In the early twentieth century, there were selected societies such as the 'Coliseo Derkes' and 'Grupo Primavera', which endowed performing arts as well as scientific events. By the mid-twentieth century, Guayama achieved great industrial development, especially with the establishment of Univis Optical Corp., Angela Manufacturing Company and a petrochemical complex of the Phillips Petroleum Company. In 1968, the company started production of paraffin, benzene, synthetic fibers, nylon, plastic anhydrous, a 1,000,000 USgal of gasoline a day, and many other products.
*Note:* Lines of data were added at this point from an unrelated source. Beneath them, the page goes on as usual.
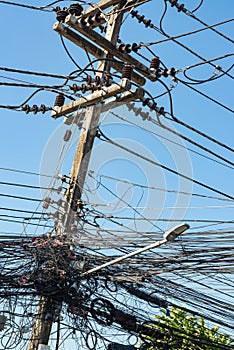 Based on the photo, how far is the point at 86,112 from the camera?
788 cm

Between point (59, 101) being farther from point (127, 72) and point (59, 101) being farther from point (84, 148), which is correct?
point (127, 72)

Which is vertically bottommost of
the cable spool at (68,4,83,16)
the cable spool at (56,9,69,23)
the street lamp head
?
the street lamp head

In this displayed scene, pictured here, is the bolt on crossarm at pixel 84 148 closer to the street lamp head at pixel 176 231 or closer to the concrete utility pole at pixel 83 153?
the concrete utility pole at pixel 83 153

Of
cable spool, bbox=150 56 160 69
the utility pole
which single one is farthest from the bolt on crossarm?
cable spool, bbox=150 56 160 69

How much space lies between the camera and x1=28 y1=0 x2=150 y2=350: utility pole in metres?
6.86

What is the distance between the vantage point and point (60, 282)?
6.89 meters

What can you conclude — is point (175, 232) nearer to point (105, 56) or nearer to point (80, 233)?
point (80, 233)

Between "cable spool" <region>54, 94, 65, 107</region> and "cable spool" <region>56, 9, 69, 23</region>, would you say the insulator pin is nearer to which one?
"cable spool" <region>54, 94, 65, 107</region>

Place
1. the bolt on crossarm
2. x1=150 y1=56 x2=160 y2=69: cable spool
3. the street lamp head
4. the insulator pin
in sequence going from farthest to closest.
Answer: the insulator pin → the bolt on crossarm → x1=150 y1=56 x2=160 y2=69: cable spool → the street lamp head

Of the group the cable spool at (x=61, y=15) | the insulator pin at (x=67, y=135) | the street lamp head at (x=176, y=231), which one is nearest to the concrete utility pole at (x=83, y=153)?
the insulator pin at (x=67, y=135)

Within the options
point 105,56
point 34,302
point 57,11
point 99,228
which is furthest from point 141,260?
point 57,11

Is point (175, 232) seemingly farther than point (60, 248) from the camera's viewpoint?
No

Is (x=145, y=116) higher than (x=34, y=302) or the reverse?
higher

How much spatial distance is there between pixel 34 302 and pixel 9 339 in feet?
1.67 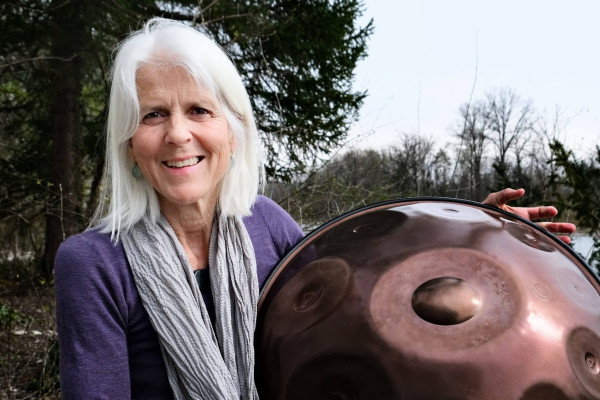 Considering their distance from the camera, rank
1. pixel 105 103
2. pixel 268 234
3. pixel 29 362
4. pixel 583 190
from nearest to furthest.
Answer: pixel 268 234 < pixel 583 190 < pixel 29 362 < pixel 105 103

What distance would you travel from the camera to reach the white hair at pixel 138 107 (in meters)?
1.42

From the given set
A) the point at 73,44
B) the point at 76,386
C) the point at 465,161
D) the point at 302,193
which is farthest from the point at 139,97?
the point at 73,44

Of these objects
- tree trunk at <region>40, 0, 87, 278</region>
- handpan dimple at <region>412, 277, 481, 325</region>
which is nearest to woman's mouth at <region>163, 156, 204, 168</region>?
handpan dimple at <region>412, 277, 481, 325</region>

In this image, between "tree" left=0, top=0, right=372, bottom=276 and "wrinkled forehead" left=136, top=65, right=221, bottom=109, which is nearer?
"wrinkled forehead" left=136, top=65, right=221, bottom=109

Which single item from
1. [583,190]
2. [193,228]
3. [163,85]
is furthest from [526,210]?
[583,190]

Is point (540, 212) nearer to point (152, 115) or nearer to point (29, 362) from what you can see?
point (152, 115)

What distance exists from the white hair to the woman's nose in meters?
0.08

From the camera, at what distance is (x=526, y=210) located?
163 cm

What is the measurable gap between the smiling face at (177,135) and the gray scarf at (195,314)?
13cm

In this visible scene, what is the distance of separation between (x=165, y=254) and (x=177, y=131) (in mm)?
309

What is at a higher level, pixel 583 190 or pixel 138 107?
pixel 138 107

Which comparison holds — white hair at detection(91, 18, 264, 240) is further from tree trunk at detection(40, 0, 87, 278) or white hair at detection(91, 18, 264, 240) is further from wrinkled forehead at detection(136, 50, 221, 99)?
tree trunk at detection(40, 0, 87, 278)

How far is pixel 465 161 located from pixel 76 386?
5.60 meters

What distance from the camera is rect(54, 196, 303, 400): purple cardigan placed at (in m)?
1.33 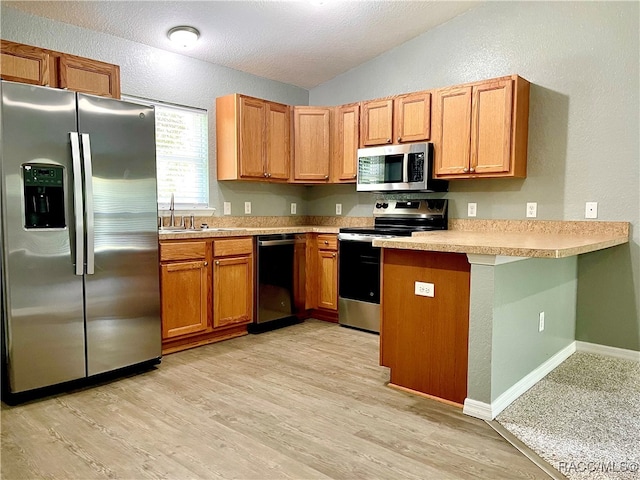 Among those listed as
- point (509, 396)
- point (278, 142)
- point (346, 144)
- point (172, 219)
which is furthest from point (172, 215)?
point (509, 396)

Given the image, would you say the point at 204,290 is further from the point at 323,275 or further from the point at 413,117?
the point at 413,117

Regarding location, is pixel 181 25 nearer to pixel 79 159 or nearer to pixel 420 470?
pixel 79 159

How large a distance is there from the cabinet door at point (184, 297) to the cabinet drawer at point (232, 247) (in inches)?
6.6

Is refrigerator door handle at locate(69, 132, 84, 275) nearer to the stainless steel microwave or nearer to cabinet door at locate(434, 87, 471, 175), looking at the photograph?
the stainless steel microwave

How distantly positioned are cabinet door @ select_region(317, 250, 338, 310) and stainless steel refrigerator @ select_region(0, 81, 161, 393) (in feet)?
5.87

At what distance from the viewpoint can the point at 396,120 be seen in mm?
4180

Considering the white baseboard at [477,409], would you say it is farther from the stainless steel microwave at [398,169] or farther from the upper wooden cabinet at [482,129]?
the stainless steel microwave at [398,169]

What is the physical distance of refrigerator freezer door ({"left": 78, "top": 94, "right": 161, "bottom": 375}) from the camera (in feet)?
8.97

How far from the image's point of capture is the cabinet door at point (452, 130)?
3723 millimetres

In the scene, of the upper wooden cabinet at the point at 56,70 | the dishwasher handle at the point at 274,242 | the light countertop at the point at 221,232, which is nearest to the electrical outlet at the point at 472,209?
the light countertop at the point at 221,232

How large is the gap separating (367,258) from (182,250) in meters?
1.63

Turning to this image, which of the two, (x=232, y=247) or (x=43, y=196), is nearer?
(x=43, y=196)

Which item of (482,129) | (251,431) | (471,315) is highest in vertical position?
(482,129)

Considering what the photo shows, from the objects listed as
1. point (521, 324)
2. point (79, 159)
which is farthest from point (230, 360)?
point (521, 324) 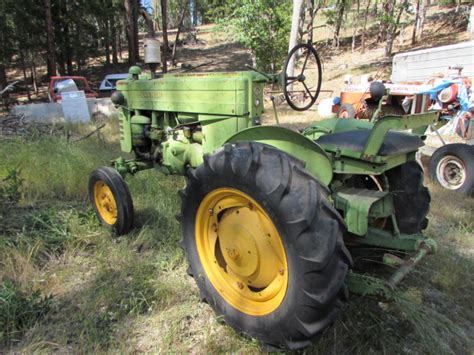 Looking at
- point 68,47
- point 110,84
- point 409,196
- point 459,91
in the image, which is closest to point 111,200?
point 409,196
During that same decade agriculture began to decline as a result of land loss, industrialization and the construction of multiple housing developments. The urban growth affected the sugar cane industry. However, in 1974, 155,595 tons of sugar cane was harvested in the Municipality producing 12,655 tons of refined sugar.

In November 2002, AES Puerto Rico opened its coal power plant in Guayama. The company transmits and distributes electricity through a 25-year contract with the Puerto Rico Electric Power Authority. The 2012 National Puerto Rican Day Parade was dedicated to the Municipality of Guayama and its people.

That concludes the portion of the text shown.